For example, it had never occurred to me that at best, a non superstar player would get to touch the ball 20 percent of the time, and that the other 80 percent of the time spent on the court is how a player should be judged. From that point on, I started to pay attention to watching off the ball activity just as much as the ballhandler.

It was through Rosen’s column that I discovered that he’d help Phil Jackson write  More Than a Game, and Maverick. I spent the summer reading those books in an attempt to absorb anything I could to help me understand the game better. All of this happened to coincide with the 2004 Pistons-Lakers NBA Finals, and it was fascinating to take what I was reading and apply it to what I was seeing on television.

Charley Rosen was also the first person I’d ever seen write in print that Kevin Love was overrated. This was around 2010-2011, and he said something to the effect of “look at that roster (in Minnesota) someone has to get those points and rebounds.” Keep in mind that he’d also once said Lebron James would be an average NBA player at best.

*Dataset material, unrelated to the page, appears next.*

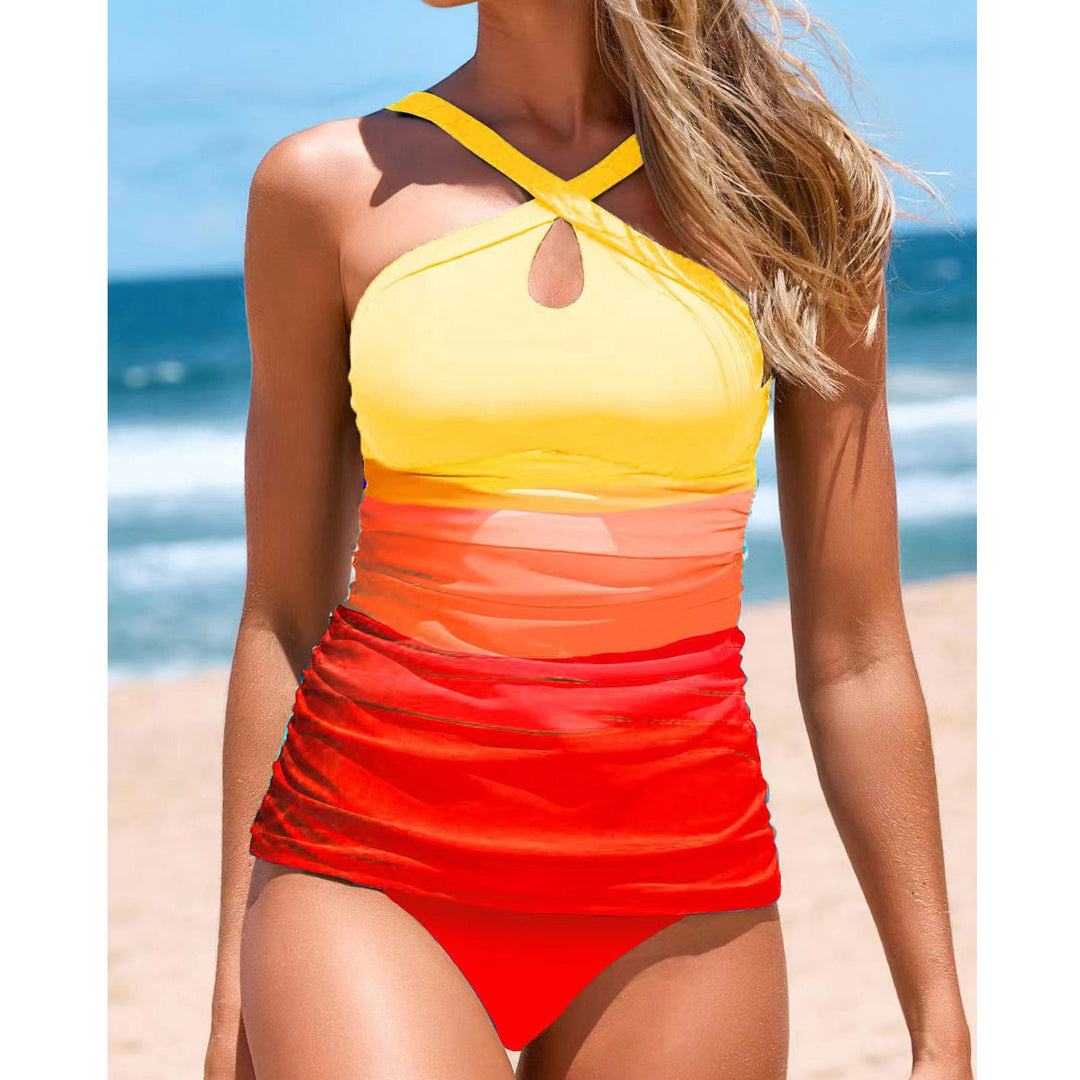 Damen Cross-Back Raffung Tankini Set Drune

There was also one column that Rosen had written about a trip he’d taken to Amsterdam with his wife and another couple, where he and his friend ditched their wives on the way to the Van Gogh museum to play pickup ball at a park. That’s the kind of madness I can  get down with (I personally enjoyed the Pablo Picasso “Blue Years Series” exhibit more than the Van Gogh stuff on my visit there. He probably didn’t miss much).

You may have also heard about the famous “Phil Files” he wrote for ESPN a year ago, after Phil Jackson’s first year as Knicks Team President. I still have yet to read all the installments, but its been highly discussed (at times ridiculed) on various blog and media sites.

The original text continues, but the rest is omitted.